* **Required work**
Pictures left aside, return the lines below exactly, from the one with "Acciones preventivas de Proteccin Civil" to the end, including both ends.

Stored entries
________________________

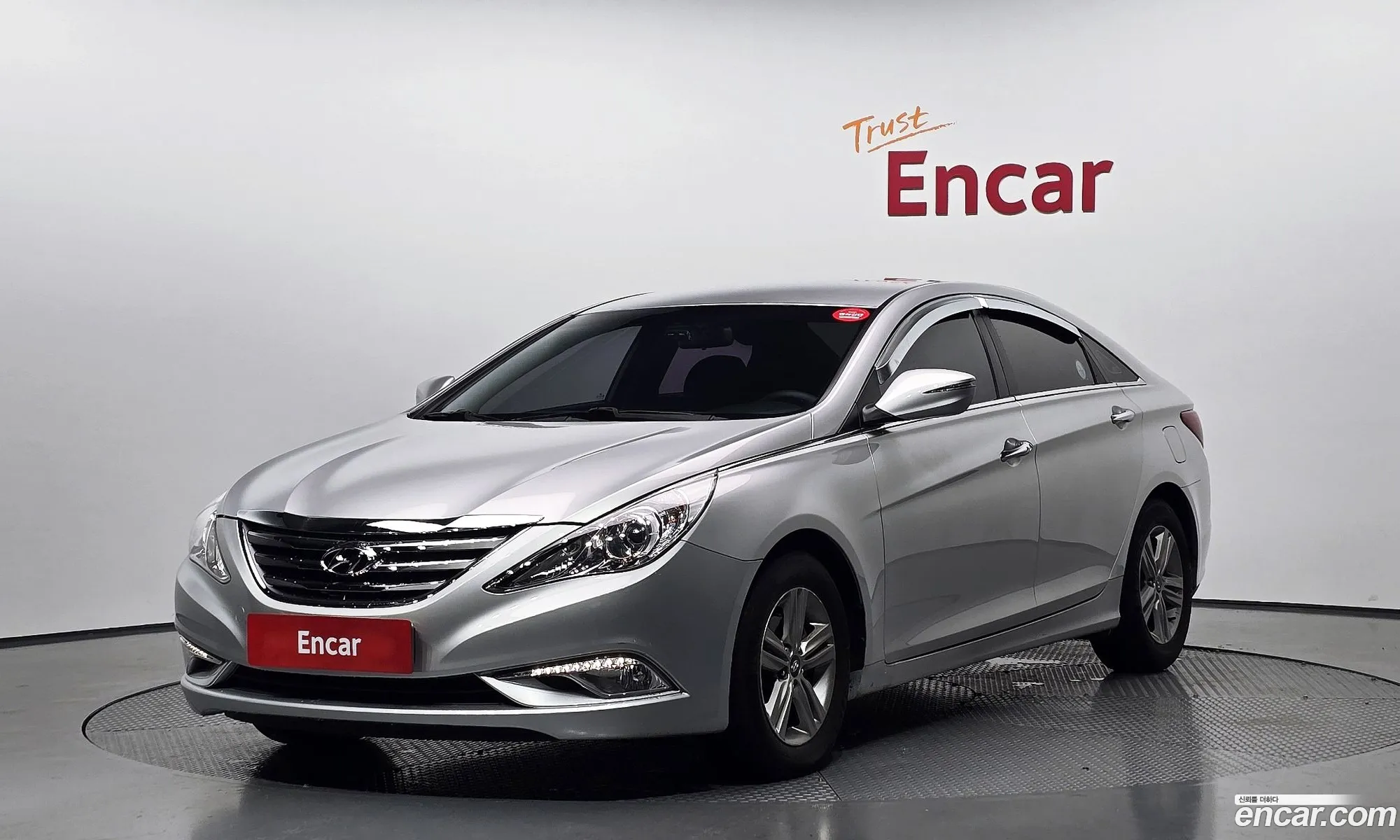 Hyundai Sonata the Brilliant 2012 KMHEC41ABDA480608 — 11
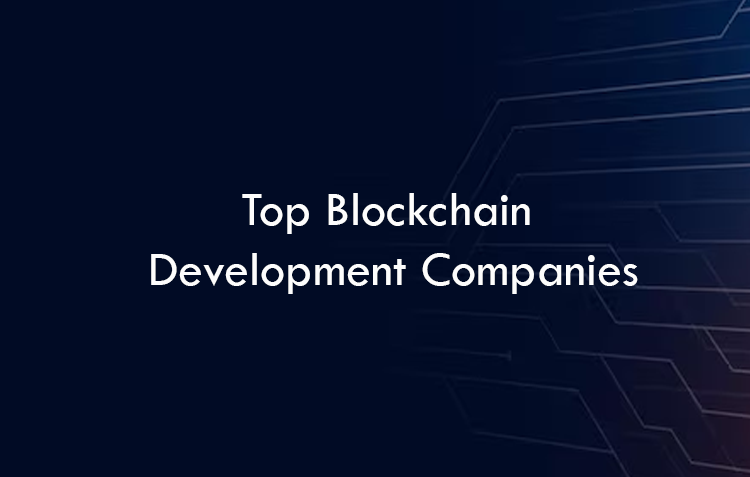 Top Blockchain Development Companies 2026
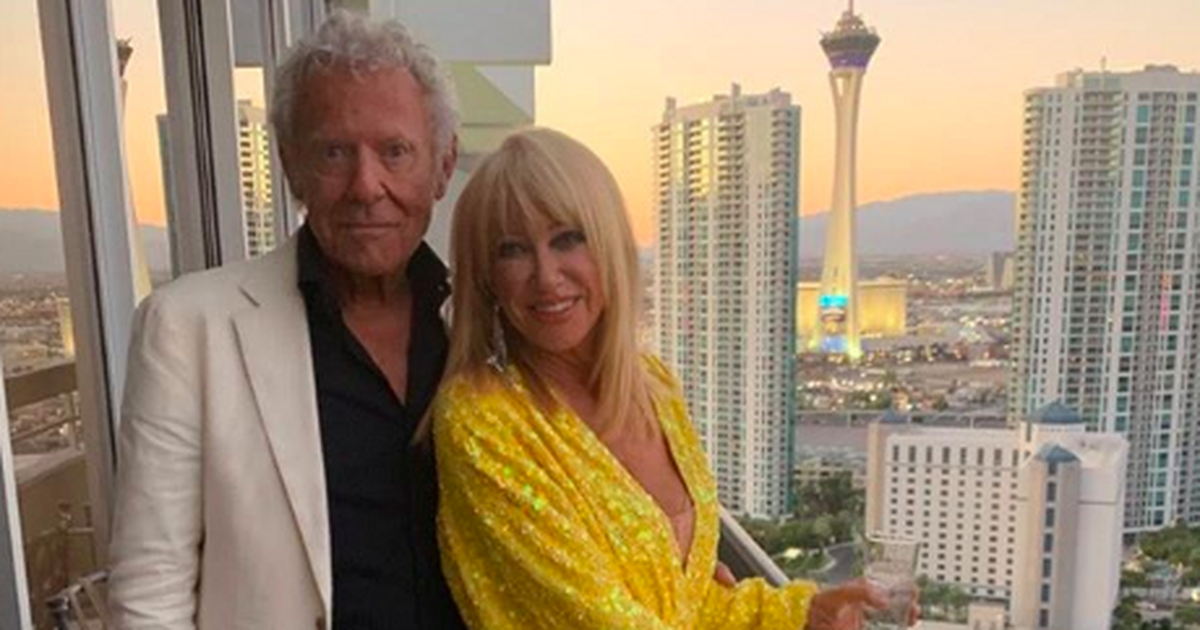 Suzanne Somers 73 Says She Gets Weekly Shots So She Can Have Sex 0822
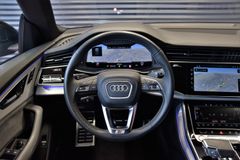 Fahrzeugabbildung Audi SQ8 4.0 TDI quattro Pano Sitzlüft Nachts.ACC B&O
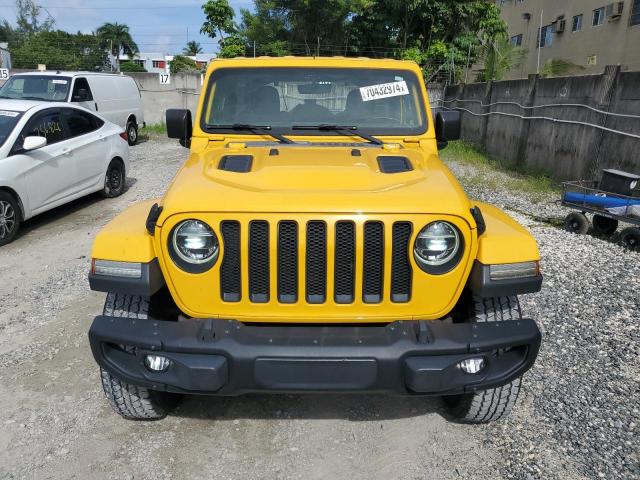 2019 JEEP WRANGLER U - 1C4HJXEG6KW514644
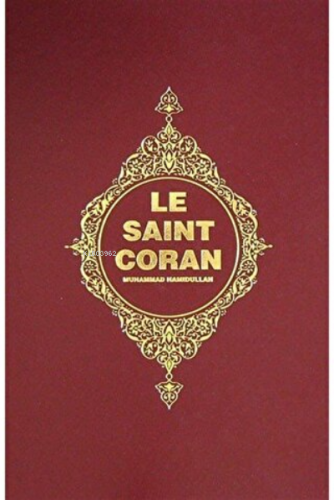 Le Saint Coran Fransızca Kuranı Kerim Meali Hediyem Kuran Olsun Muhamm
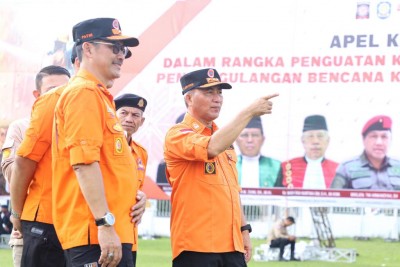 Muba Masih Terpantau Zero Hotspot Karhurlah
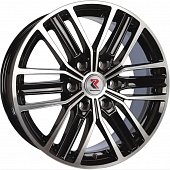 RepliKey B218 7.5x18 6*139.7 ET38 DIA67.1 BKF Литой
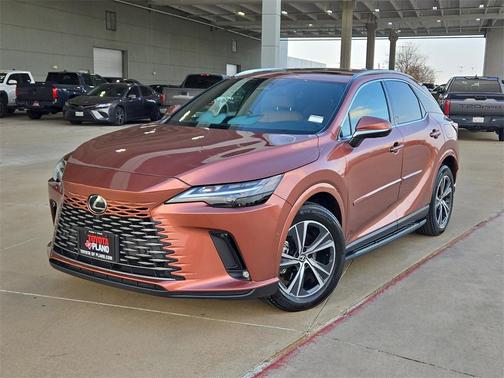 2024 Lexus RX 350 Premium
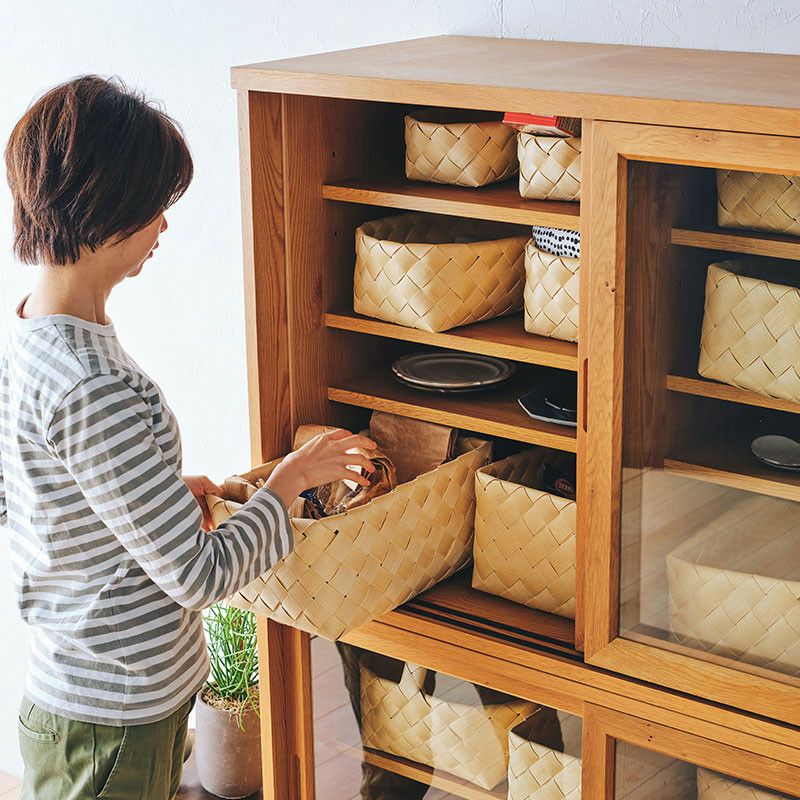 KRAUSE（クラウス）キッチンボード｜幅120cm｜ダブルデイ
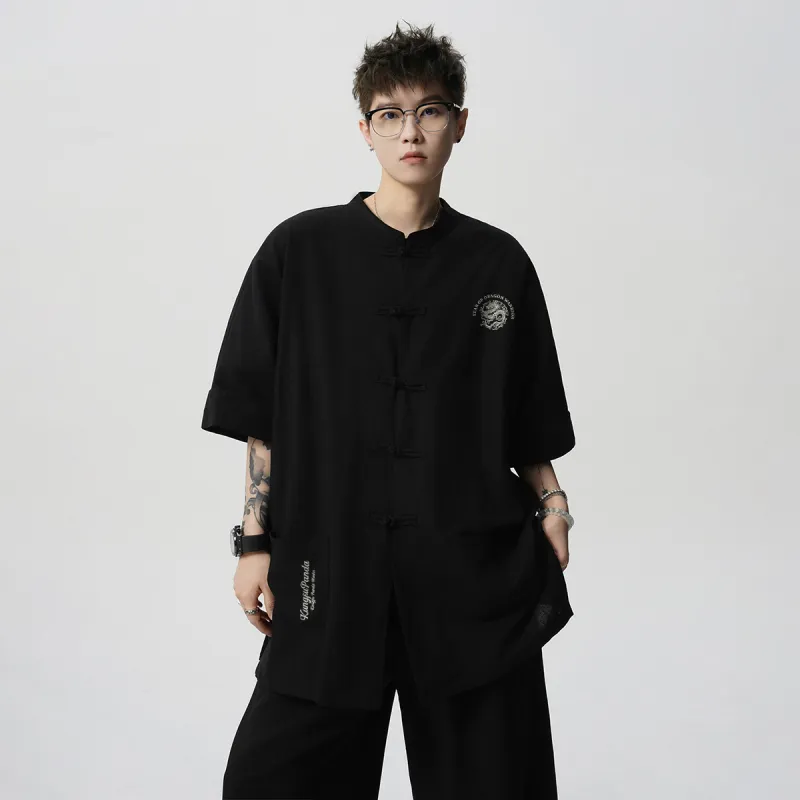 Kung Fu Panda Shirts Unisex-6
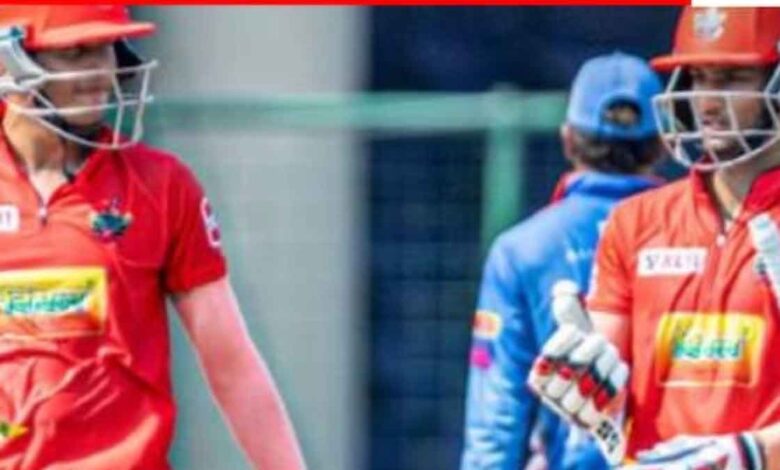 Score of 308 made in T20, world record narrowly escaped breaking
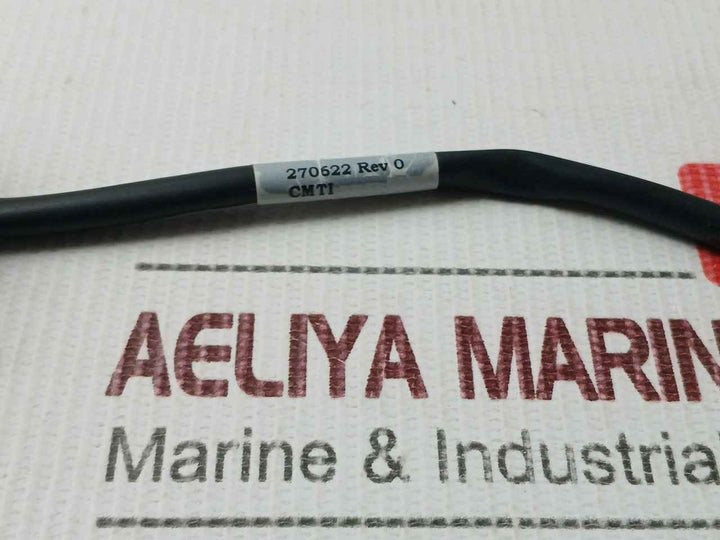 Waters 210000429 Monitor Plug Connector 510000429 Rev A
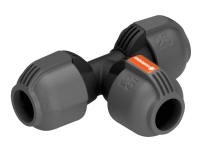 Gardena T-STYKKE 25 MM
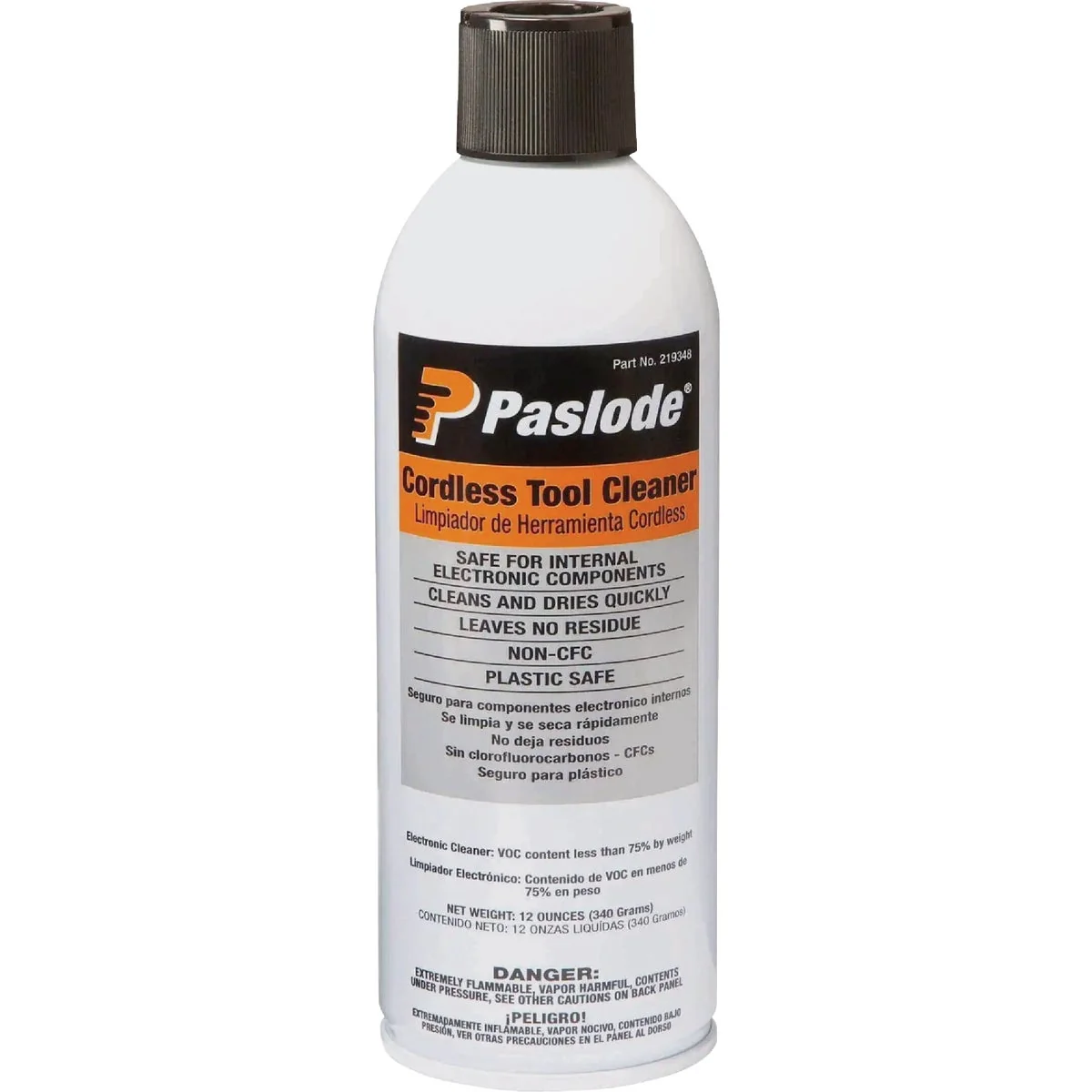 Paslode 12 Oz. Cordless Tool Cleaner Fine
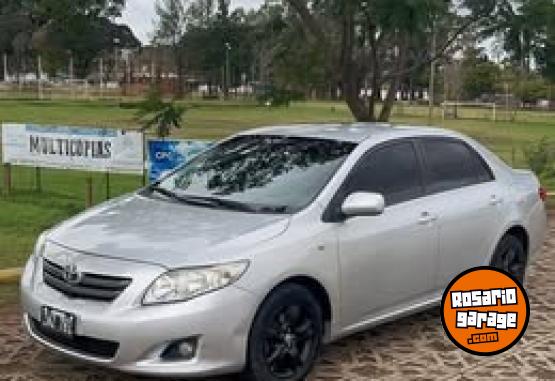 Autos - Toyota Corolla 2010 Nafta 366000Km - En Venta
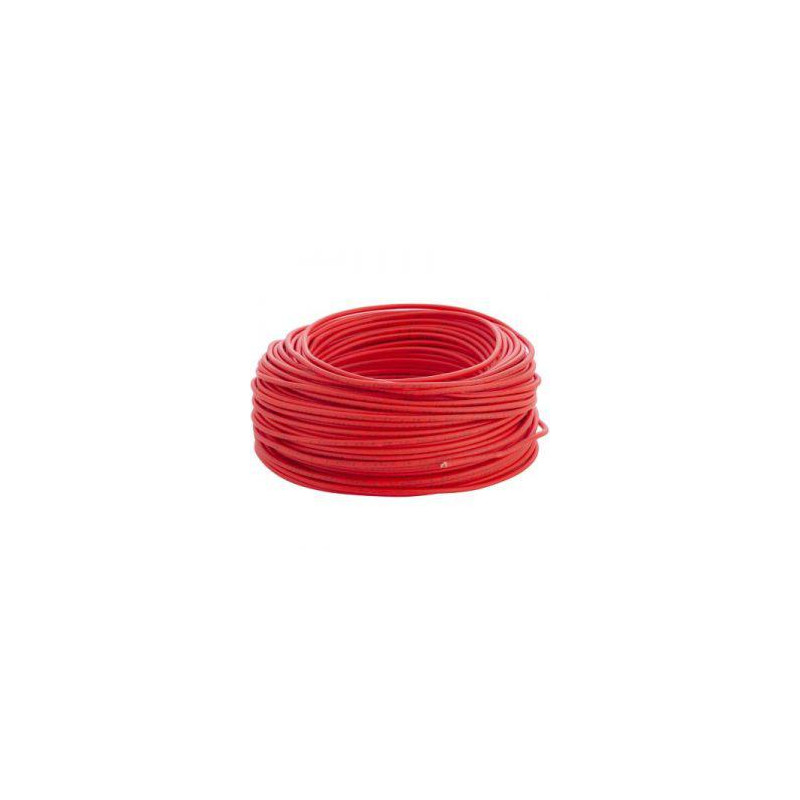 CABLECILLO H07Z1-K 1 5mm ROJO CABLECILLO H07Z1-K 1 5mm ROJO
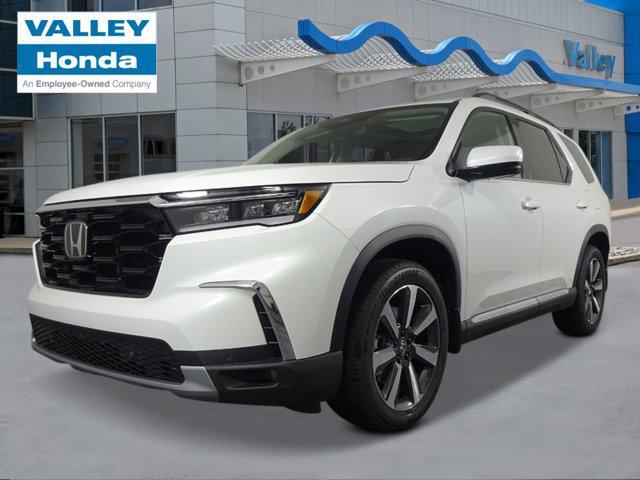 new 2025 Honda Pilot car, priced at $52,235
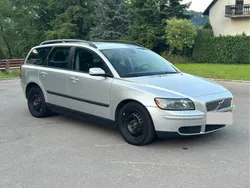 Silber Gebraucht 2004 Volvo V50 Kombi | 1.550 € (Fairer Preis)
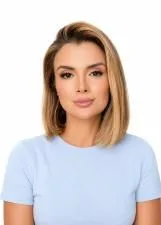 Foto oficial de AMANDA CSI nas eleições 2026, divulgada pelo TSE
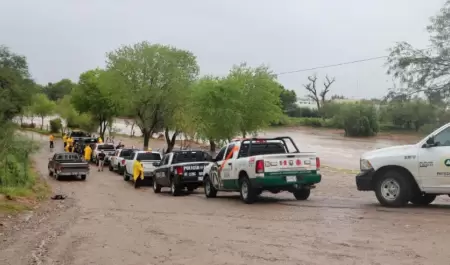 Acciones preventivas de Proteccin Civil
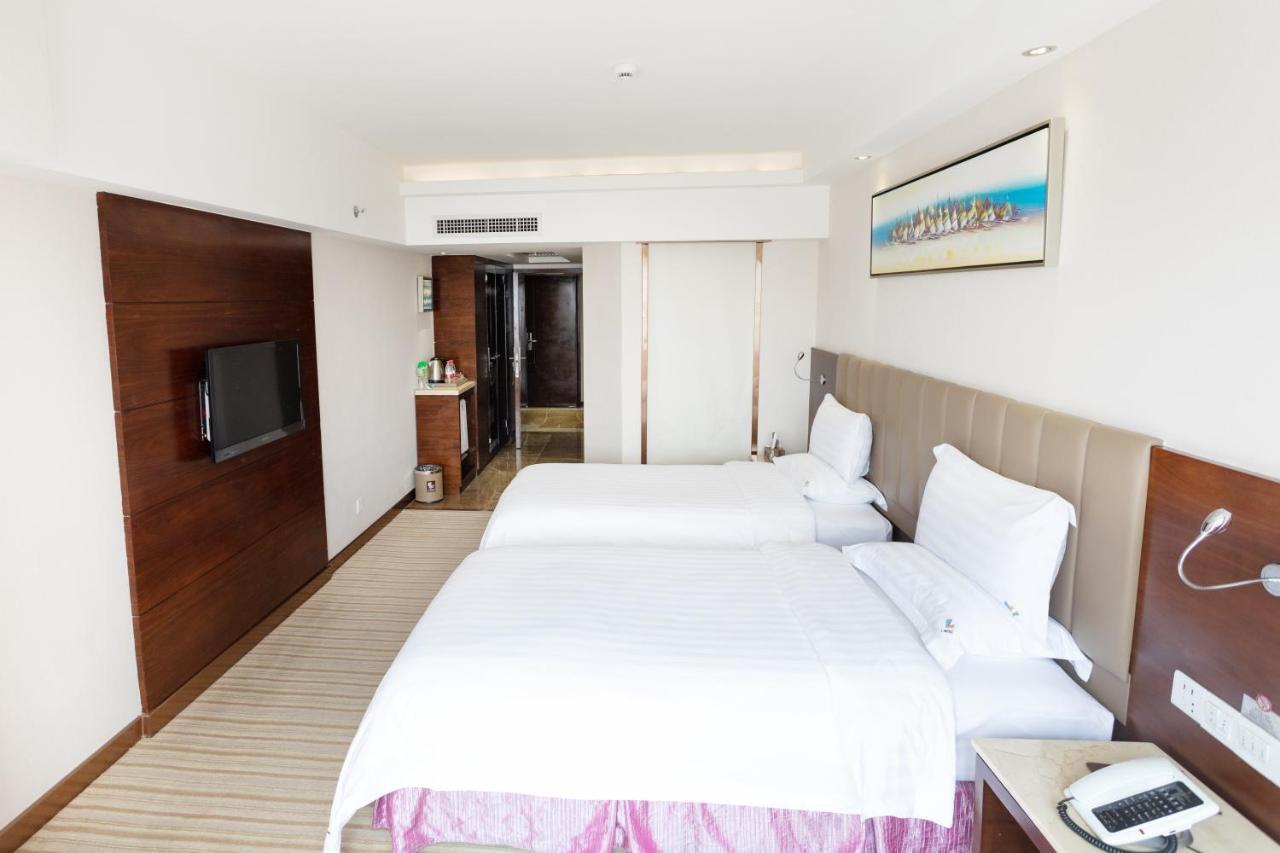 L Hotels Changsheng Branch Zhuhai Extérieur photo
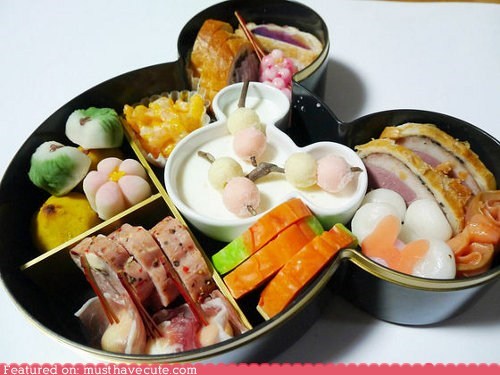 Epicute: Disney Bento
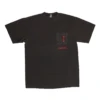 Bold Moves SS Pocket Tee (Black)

________________________

* **Task solution**
 Acciones preventivas de Proteccin Civil
 L Hotels Changsheng Branch Zhuhai Extérieur photo
 Epicute: Disney Bento
 Bold Moves SS Pocket Tee (Black)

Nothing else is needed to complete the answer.